Tahun 1907 saat berusia 15 tahun setelah mabuk di sebuah bar di Montana, Carl Panzram mendaftar menjadi tentara Amerika. Namun tidak lama, ia selalu melawan perintah dan kemudian dituduh melakukan pencurian yang membuatnya dipenjara pada tahun 1908 hingga 1910 di Fort Leavenworth. Carl mengaku bahwa sedikit kebaikan yang tersisa pada dirinya habis sama sekali setelah ia berada di penjara tersebut.
Juni 1915, ia kembali dipenjara di Oregon State Penitentiary di Salem. Di penjara tersebut, ia berada di bawah pengawasan sipir Harry Minto yang percaya bahwa tahanan harus diperlakukan dengan keras seperti dipukuli dan diletakan di ruangan isolasi. Carl Panzram menceritakan masa-masa ia berada di sana dan bersumpah tidak akan menerima hukuman 7 tahun di sana dan ia begitu membenci para sipir dan apa yang mereka lakukan padanya.
Carl Panzram kemudian membantu teman tahanannya, Otto Hooker untuk melepaskan diri dari penjara. Saat melarikan diri, Hooker membunuh Minto. Carl Panzram menerima hukuman beberapa kali di Salem termasuk 61 hari ditahan di kurungan isolasi sebelum ia melarikan diri pada 18 September 1971. Sebagai buronan, ia terlibat dalam dua penembakan sebelum ditangkap dan dikembalikan di penjara. 12 Mei 1918, ia menggergaji jeruji penjara dan kabur lagi tanpa tertangkap. Ia mengubah namanya menjadi John O’Leary dan mencukur kumisnya.
Tahun 1928, ia kembali ditangkap karena perampokan di Washington D.C. dan tanpa dipaksa mengaku membunuh dua anak laki-laki. Dengan begitu banyak kejahatan yang ia lakukan, ia dikirim ke penjara Leavenworth. Ia berkata pada sipir, “Aku akan membunuh orang pertama yang menggangguku.” Karena ancaman ini, ia ditugaskan pekerjaan di ruangan laundry sendirian. Namun pada 20 Juni 1929, ia membunuh Robert Warnke, mandor ruang laundry penjara dengan memukulinya menggunakan batang besi hingga tewas. Atas pembunuhan ini, ia dituntut hukuman mati.

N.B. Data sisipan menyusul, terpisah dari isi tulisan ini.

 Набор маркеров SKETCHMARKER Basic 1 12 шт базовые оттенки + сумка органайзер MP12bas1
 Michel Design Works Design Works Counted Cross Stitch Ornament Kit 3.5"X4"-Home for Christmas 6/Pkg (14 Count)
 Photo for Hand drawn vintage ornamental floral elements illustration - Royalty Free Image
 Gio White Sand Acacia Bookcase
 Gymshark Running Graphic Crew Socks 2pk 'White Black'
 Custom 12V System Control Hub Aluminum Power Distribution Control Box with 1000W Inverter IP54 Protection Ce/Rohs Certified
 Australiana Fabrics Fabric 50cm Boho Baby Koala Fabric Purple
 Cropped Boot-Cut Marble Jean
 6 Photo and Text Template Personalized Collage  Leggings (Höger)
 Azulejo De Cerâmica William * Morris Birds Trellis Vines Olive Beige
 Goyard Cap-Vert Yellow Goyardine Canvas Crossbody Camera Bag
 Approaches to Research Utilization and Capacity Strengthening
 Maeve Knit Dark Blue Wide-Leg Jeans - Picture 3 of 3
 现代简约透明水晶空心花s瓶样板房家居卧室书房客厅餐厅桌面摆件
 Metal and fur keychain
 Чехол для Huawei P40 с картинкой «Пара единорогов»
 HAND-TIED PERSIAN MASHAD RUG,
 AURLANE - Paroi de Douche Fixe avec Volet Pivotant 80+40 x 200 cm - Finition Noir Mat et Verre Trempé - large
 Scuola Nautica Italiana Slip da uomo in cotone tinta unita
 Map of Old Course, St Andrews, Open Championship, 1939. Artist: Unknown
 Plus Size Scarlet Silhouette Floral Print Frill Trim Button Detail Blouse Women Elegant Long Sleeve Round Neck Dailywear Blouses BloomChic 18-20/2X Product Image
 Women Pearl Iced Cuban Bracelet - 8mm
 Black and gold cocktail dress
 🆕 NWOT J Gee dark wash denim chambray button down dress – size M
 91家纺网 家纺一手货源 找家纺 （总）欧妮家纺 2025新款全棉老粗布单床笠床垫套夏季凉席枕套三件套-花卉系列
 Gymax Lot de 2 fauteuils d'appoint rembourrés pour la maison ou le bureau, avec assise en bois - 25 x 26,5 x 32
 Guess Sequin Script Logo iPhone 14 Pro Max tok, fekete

Dalam masa tahanan sebelum ia dihukum mati, ia berkenalan dengan seorang penjaga penjara bernama Henry Lesser. Penjaga penjara berusia 26 tahun tersebut merasa kasihan dengan Carl Panzram dan memberinya uang untuk membeli makanan dan rokok. John Borowski yang menyutradarai film dokumenter Carl Panzram menyebutkan bahwa belum pernah ada seorangpun yang bersikap baik padanya sepanjang hidupnya. Hal inilah yang kemudian membuat dua orang lelaki ini menjadi teman.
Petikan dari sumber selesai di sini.